The trail runs mostly north-south on my part of the trail, all the same, it has bends in it that follow the winding river. On my way to work, I mostly notice the smells: there’s horse barns and a goat barn, the Wonderbread bakery (which sometimes smells like bread, and sometimes smells like danish), a factory with a stereotypical red and white smokestack that smells like burning something horrible. And there’s a Purina dogfood factory that I can smell sometimes, and oil refinery peppered with thousands of lights and its own distinct smell. Today I finally noticed an asphalt-making place because I smelled it as I rode by. When I’m riding home in the daytime, the three major landmarks that I can see–the oil refinery, the red and white smokestack, and the Denver skyline–seem to swing along the horizon. I’m always faced the same direction, as far as I’m concerned; it’s the horizon that swivels around me. Now the smokestack is on my left, but when I get closer and eventually go by it, it’s on my right. The refinery seems far to the east, but the trail actually runs right up against its western fence. I pass over, under, and ride alongside the interstate; I pass under and ride alongside (but never go under) the train tracks; and I pass over and ride alongside (but never go over) the Platte River. The bridges are wooden slats that rattle beneath me. Ice accumulates on the underpasses where melting snow has dropped down and accumulated.

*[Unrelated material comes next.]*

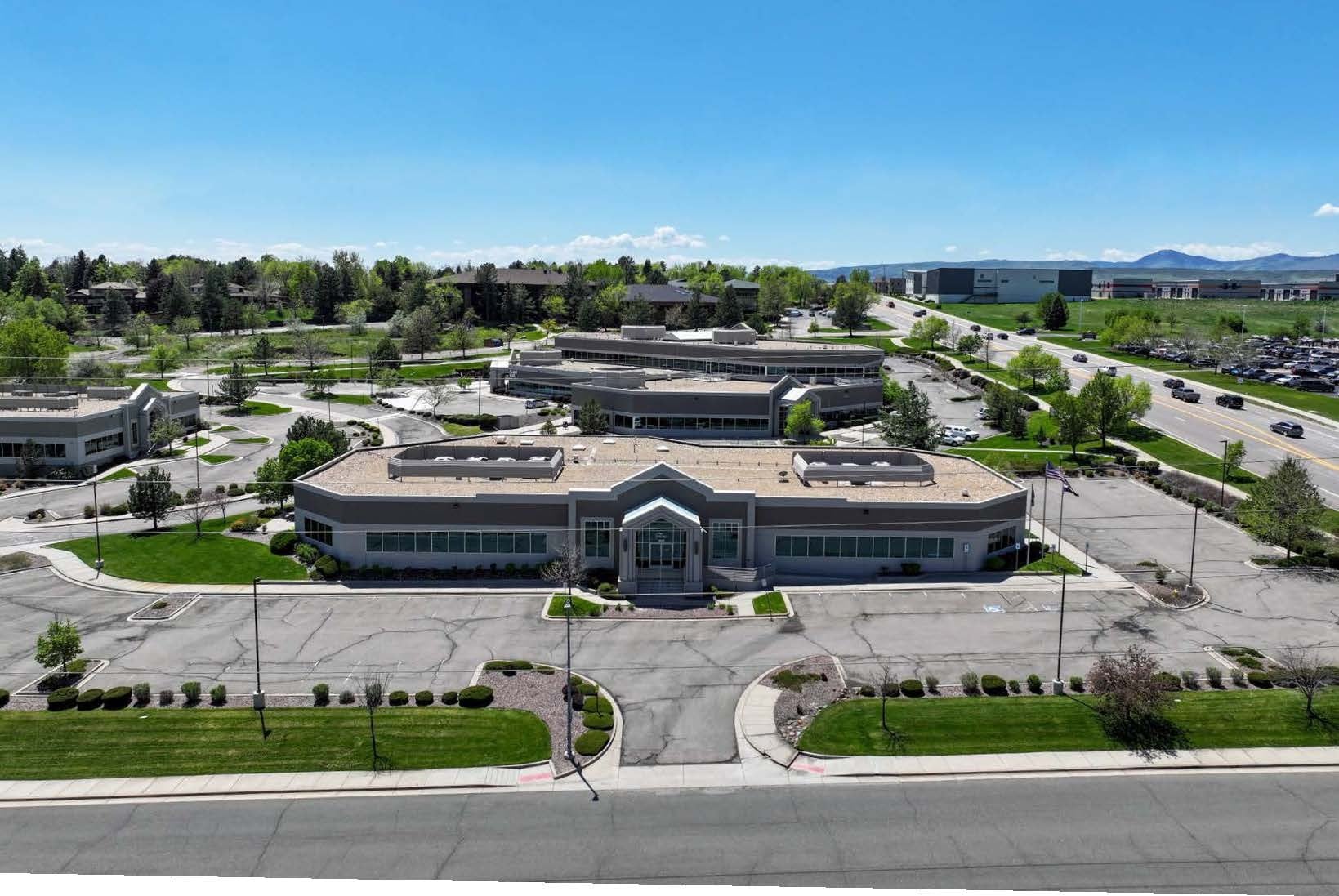 5630 Ward Rd, Arvada, CO for sale Building Photo- Image 1 of 52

The last mile of my trail riding is along the Niver Creek trail. There must be a slight invisible incline on this part of the trail, or I hit the end of my stamina at the exact same place every day, because this is when my bike suddenly stops with the ability to pick up momentum and just grinds along in the most horrible way. It’s one thing to go up a hill–I go up a ridiculous hill a couple miles further on–but maybe it’s the fact that I can’t see this hill, and can’t see where it ends, that makes this slight one so much harder than the epic one(™) three miles down.

According to Googlemaps, when I depart the Niver Creek trail, I’m only halfway to work, which is weird because about two-thirds of my ride time is over. I pedal through a suburban neighborhood, and turn right up the Epic Hill(™) which is two blocks on and generally necessitates me shifting down to almost my lowest gear. At the top of the hill (luckily, just over the crest) is a busy light that I have to stop at. This is usually where my asthma kicks in, either because I have to stop behind idling cars or because it’s the first time I’ve stopped in twelve miles and so my breathing pattern has changed. So I breathe, and I cough, and I breathe, and I cough, and eventually the light turns green and I get to ride down the other side of the Epic HIll(™) that I just rode up. I turn right at the second light, and then take the second left, only instead of going into the loading dock of American Furniture Warehouse I turn onto another bike trail and get squeaked at by indignant prairie dogs. This trail is short, maybe 3/4 of a mile, and then I’m at an RTD Park-n-Ride (major bus stop with an attached parking lot) which is next to the interstate. There’s a walkway that goes under the interstate, and the Park-n-Ride straddles both sides of the highway, southbound and northbound buses exiting for just as long as it takes to load up new passengers and head either towards or away from downtown Denver. The southbound side of the station has a departure board on it listing the next hour or so’s worth of bus times, so I can look at the next scheduled time and tell if I’m running late for work or not. I pick up the bike trail again on the other side of the Park-n-Ride, and run parallel to the interstate for the equivalent of a few blocks (once I saw a guy get pulled over by about 5 cop cars and pulled out of his car at gunpoint), and then down a big hill, and up a big hill, cross a light, and I’m basically at work. Except for the part where I have to wait eight minutes for the last light to change because my bike doesn’t set off the sensors and the pedestrian button doesn’t work.